------ Supplied material
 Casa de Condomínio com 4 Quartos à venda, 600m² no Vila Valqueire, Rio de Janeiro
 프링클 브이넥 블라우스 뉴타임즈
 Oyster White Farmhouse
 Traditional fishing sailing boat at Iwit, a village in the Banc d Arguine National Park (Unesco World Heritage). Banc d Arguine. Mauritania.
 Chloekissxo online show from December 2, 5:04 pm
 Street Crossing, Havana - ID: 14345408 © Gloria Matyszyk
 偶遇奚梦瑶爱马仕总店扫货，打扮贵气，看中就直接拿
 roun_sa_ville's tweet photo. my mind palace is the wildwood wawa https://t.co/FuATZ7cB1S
------------
The records above are to be restated word for word.

 Casa de Condomínio com 4 Quartos à venda, 600m² no Vila Valqueire, Rio de Janeiro
 프링클 브이넥 블라우스 뉴타임즈
 Oyster White Farmhouse
 Traditional fishing sailing boat at Iwit, a village in the Banc d Arguine National Park (Unesco World Heritage). Banc d Arguine. Mauritania.
 Chloekissxo online show from December 2, 5:04 pm
 Street Crossing, Havana - ID: 14345408 © Gloria Matyszyk
 偶遇奚梦瑶爱马仕总店扫货，打扮贵气，看中就直接拿
 roun_sa_ville's tweet photo. my mind palace is the wildwood wawa https://t.co/FuATZ7cB1S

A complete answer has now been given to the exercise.